▸ WHAT THE TASK ASKS: Begin at the line that holds "360 Document Protector Screenshot 2" and retype every line through the end of the material, both included. Leave out the pictures.

▸ INFORMATION SUPPLIED:
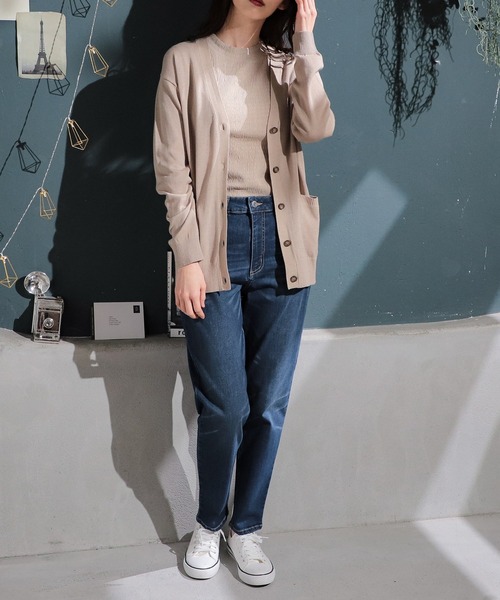 Honeys(ハニーズ)の「デニムテーパードパンツ(デニムパンツ・レディース・ライトインディゴブルー/インディゴブルー・M/S/L/LL)」の3枚目の写真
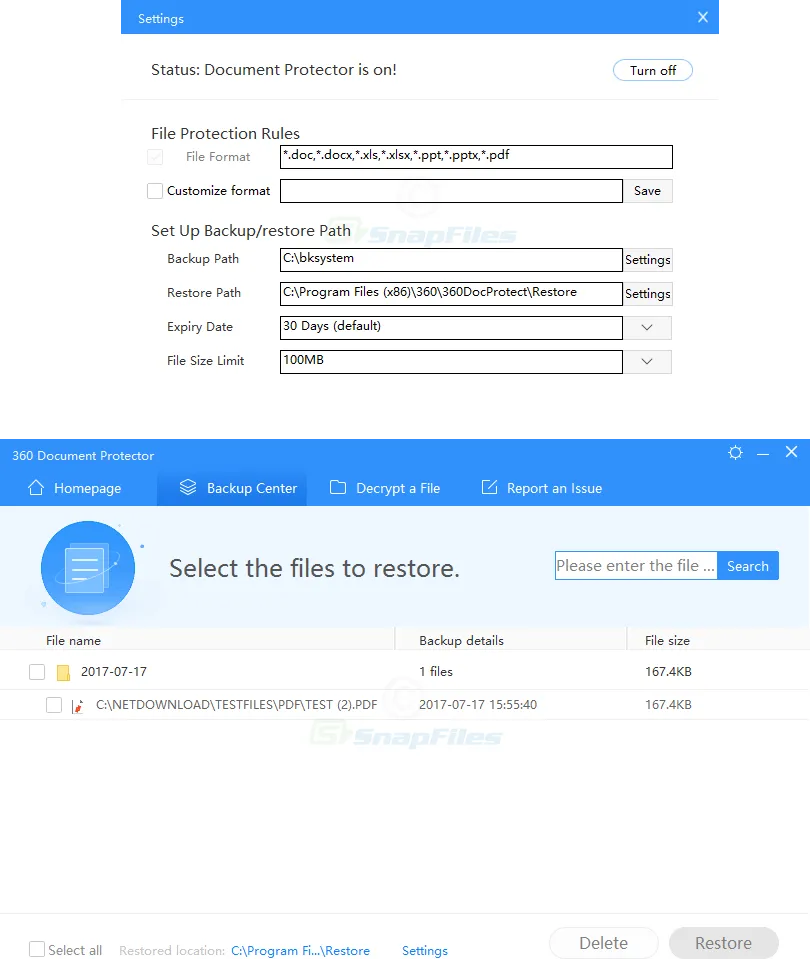 360 Document Protector Screenshot 2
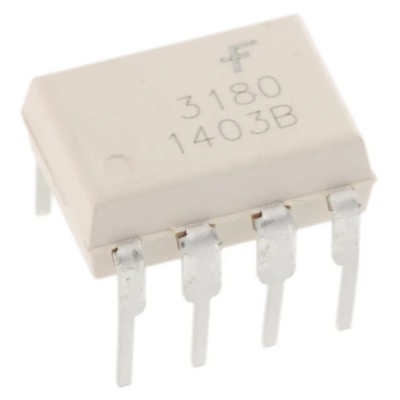 onsemi DC Input Optocoupler Through Hole 8-Pin DIP MOSFET Output, 1 Channel, 25mA Input Current, 1.8V Forward Voltage FOD3180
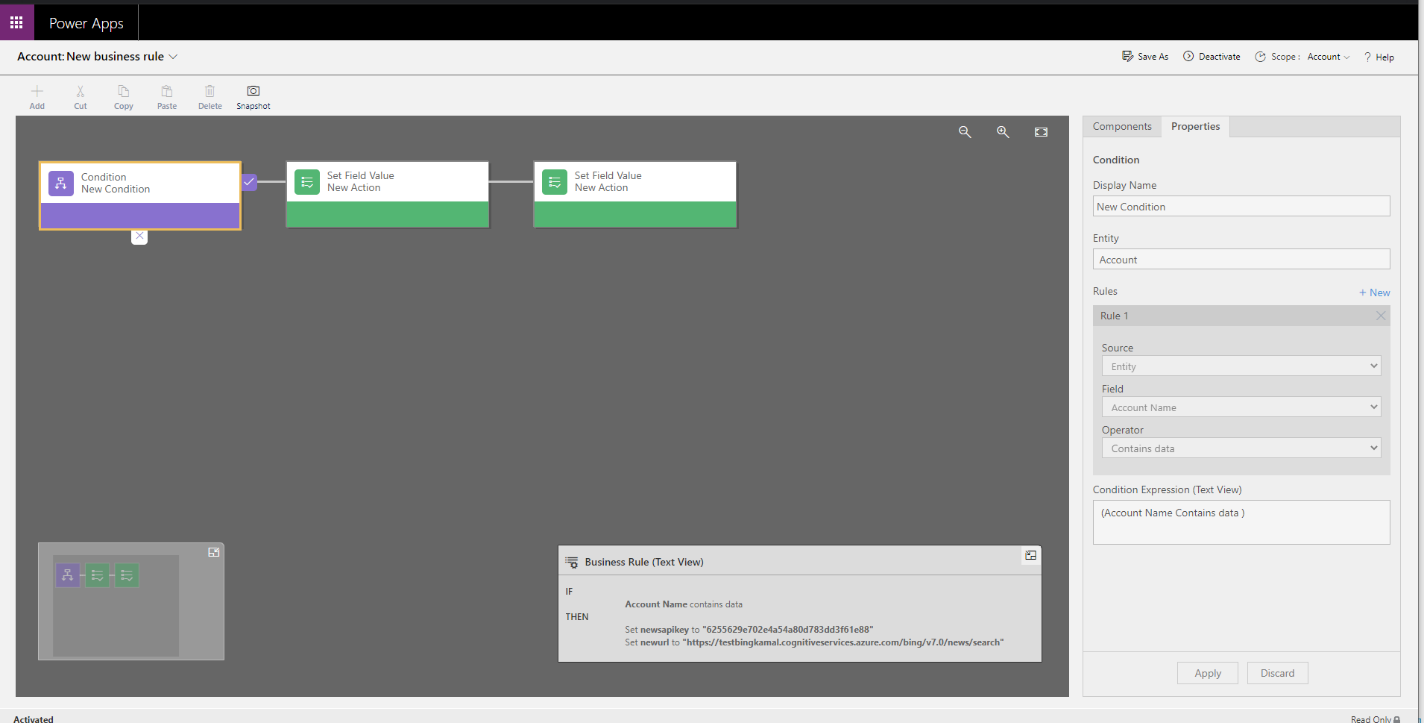 API 키 및 URL에 대한 비즈니스 규칙을 만듭니다.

▸ EXERCISE RESULT:
 360 Document Protector Screenshot 2
 onsemi DC Input Optocoupler Through Hole 8-Pin DIP MOSFET Output, 1 Channel, 25mA Input Current, 1.8V Forward Voltage FOD3180
 API 키 및 URL에 대한 비즈니스 규칙을 만듭니다.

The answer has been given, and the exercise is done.